Por exemplo, se você pagasse alguém para preservar uma floresta, isso apenas contaria como crédito se, originalmente, a floresta já estivesse com os dias contados para virar uma área de desenvolvimento. Um proprietário de terras, ao invés de depender do dinheiro proveniente do corte de madeira, seria pago para manter suas árvores em pé. Se nunca houvesse uma ameaça à floresta, seu pagamento ao proprietário da terra não seria considerado crédito, afinal seu dinheiro não ofereceria nenhum benefício adicional — a floresta teria sido preservada independentemente disso.
Também não há garantia de quanto tempo durará um projeto comprado com créditos de carbono.

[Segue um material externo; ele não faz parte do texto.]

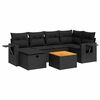 vidaXL Salon de jardin 7 pcs avec coussins noir r&eacute;sine tress&eacute;e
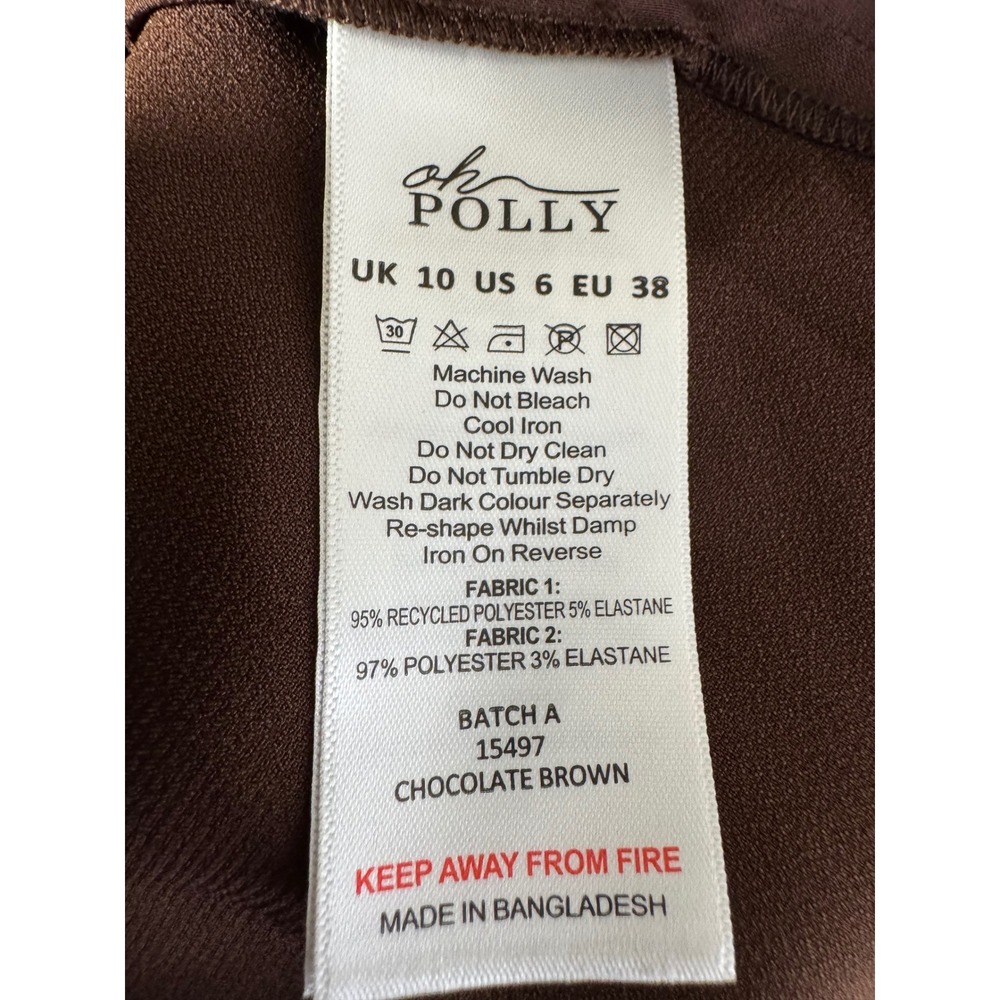 Oh Polly Chocolate Brown Underwire Lace Halter Mermaid Midi Dress US 6 New - Picture 8 of 10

Uma investigação feita pela ProPublica e publicada no início deste ano encontrou vários casos de programas de crédito de carbono que não protegiam as florestas tropicais.

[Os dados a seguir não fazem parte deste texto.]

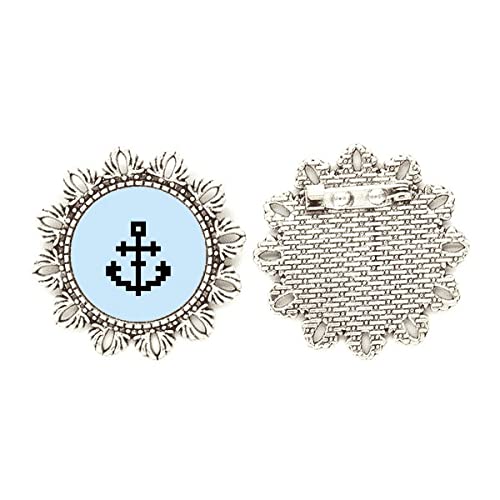 Broche de plata con diseño de vela y flores elegantes en color plateado talla m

Para proteger uma floresta do desmatamento, a receita com créditos de carbono deve ser mais competitiva do que as indústrias, frequentemente lucrativas, que levam ao desflorestamento, como a pecuária e a produção de soja. As terras que em um ano foram administradas de maneira sustentável, no outro, podem ser alvo de nova administração ou vontade política.

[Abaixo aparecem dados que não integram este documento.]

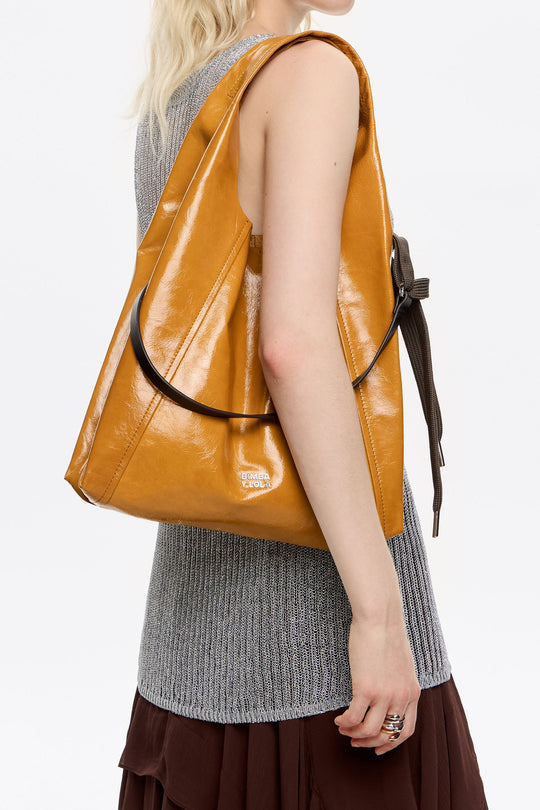 Large chestnut leather Paper bag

Como encontrar créditos respeitáveis?
“Quando as compensações chegaram ao mercado na década de 1990, a situação parecia mais um Velho Oeste. Havia muita variação nos programas,” conta Peter Miller, especialista em créditos de carbono do National Resources Defense Council.
Os créditos começaram a ser debatidos politicamente em 1992 após a assinatura do Protocolo de Quioto, um tratado climático internacional, mas Miller diz que a crescente conscientização sobre as mudanças climáticas levou à atual popularidade desse sistema.
Embora algumas regulamentações tenham sido implementadas, elas são amplamente realizadas por grupos de certificação independentes, como o Gold Standard e o Green-e. Nos Estados Unidos, não há regulamentação federal sobre os créditos de carbono comprados por pessoas físicas.
“Se alguém quiser vender créditos e encontrar outra pessoa disposta a comprá-los, não há nada que impeça essa transação,” explica Miller.
Ele diz que os consumidores que desejam comprar créditos devem garantir que os projetos sejam verificados por grupos independentes que monitoram as atividades de perto e garantem uma redução real das emissões de carbono.
Eles fazem alguma diferença?
“Os créditos não devem ser vistos como uma alternativa aos requisitos regulatórios,” diz Miller. Ele enfatiza que são os acordos internacionais ousados que levarão a reduções reais nas emissões de carbono.
Em uma escala global, um único voo é insignificante. De acordo com a Administração de Informações e Energia dos Estados Unidos, as usinas termoelétricas a carvão geraram mais de um bilhão de toneladas métricas de emissões de carbono somente em 2018.
Mas no cotidiano de uma pessoa, voar é de longe uma das atividades que mais emitem carbono. Um voo pode produzir tanto carbono quanto dirigir por mais de 3,2 mil quilômetros.
Quando voar é inevitável, a compra de créditos por meio de um vendedor confiável pode, tecnicamente, reduzir a quantidade de carbono que entra na atmosfera.
De Belloy espera que a Cool Effect continue crescendo. Ela acredita que o que motiva as pessoas a agirem seja o crescente descontentamento com o fracasso do governo e da indústria privada em lidar com as mudanças climáticas.
“As pessoas estão realmente começando a entender que precisamos nos unir,” diz ela.